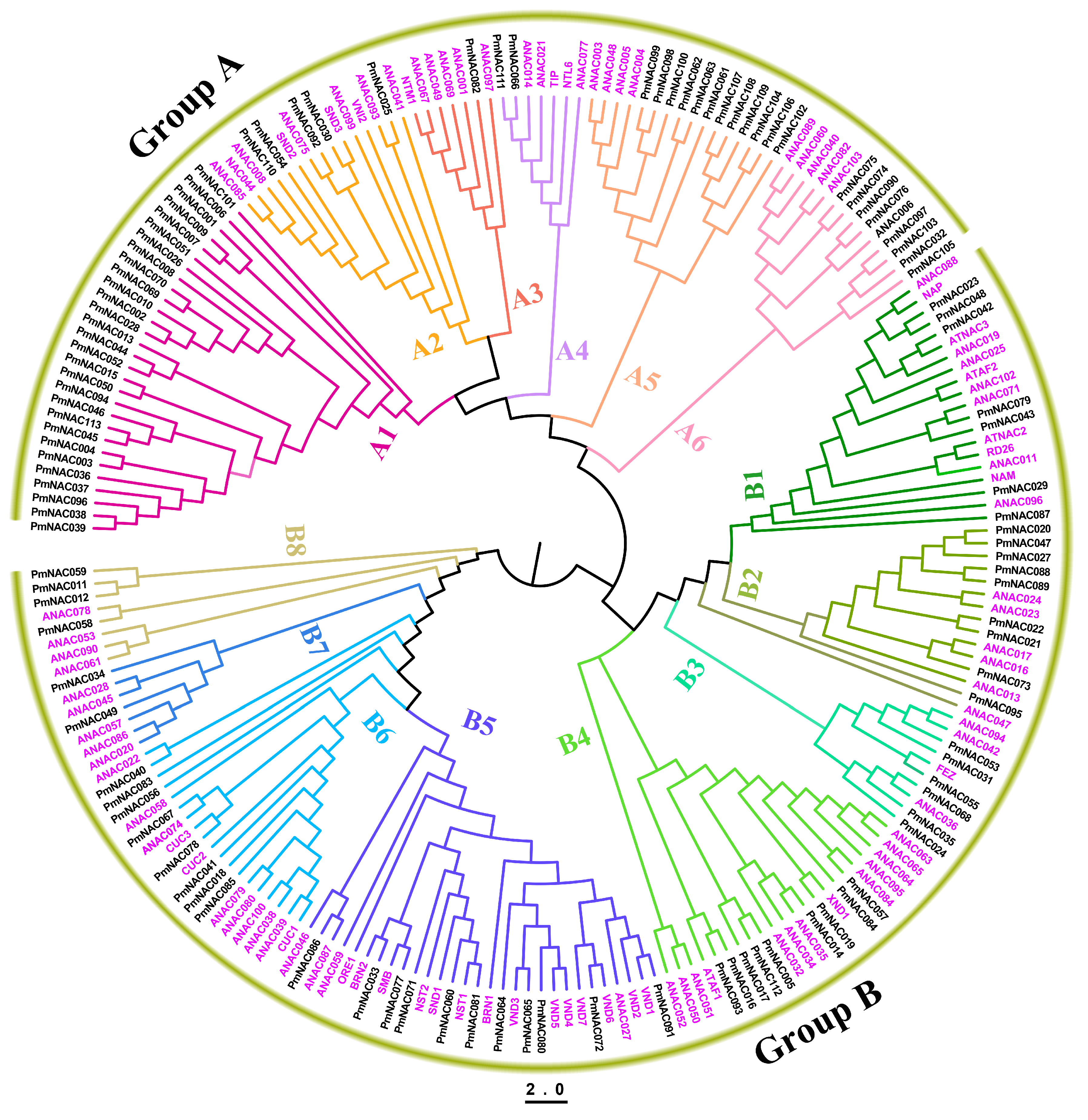 Genes 09 00494 g003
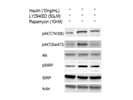 Phospho-Akt (Thr308) Antibody for Western Blot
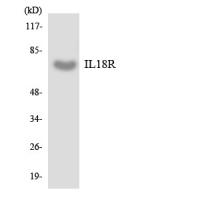 IL-18R Polyclonal Antibody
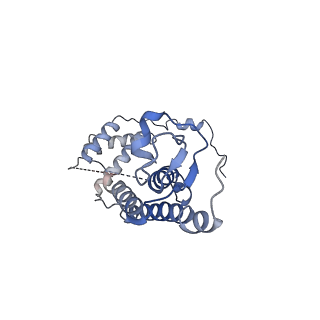 21929_6ww7_C_v1-2
Structure of the human ER membrane protein complex in a lipid nanodisc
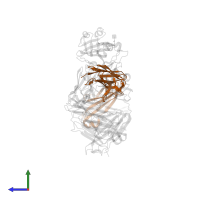 Light chain of Fab arm of antibody 10G4 in PDB entry 8cwk, assembly 1, side view.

▬▬▬

Exercise directions
Begin with the line containing "21929_6ww7_C_v1-2", stop at the last line of the records above, and copy every line in between exactly, both ends included, with no pictures.

Task response
 21929_6ww7_C_v1-2
Structure of the human ER membrane protein complex in a lipid nanodisc
 Light chain of Fab arm of antibody 10G4 in PDB entry 8cwk, assembly 1, side view.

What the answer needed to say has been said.